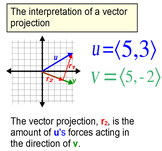 Vector Projection of u onto v - Intro + 4 Assignments for PDF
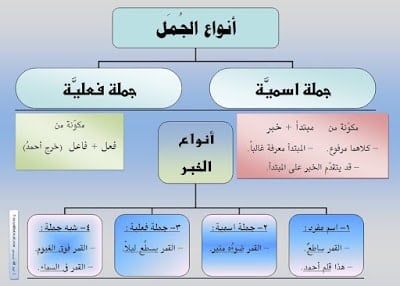 امثلة على خبر جملة اسمية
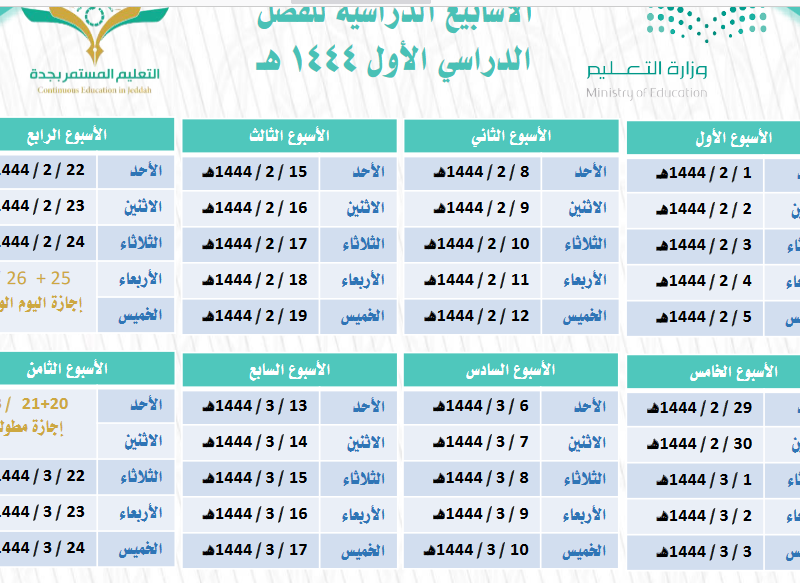 moe.gov.sa التقويم الدراسي في المدراس السعودية 1444 موعد الاجازات والامتحانات بعد التعديل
========================================
Exercise instructions:
Omit the pictures and reproduce the remaining material above exactly.

Task result:
 Vector Projection of u onto v - Intro + 4 Assignments for PDF
 امثلة على خبر جملة اسمية
 moe.gov.sa التقويم الدراسي في المدراس السعودية 1444 موعد الاجازات والامتحانات بعد التعديل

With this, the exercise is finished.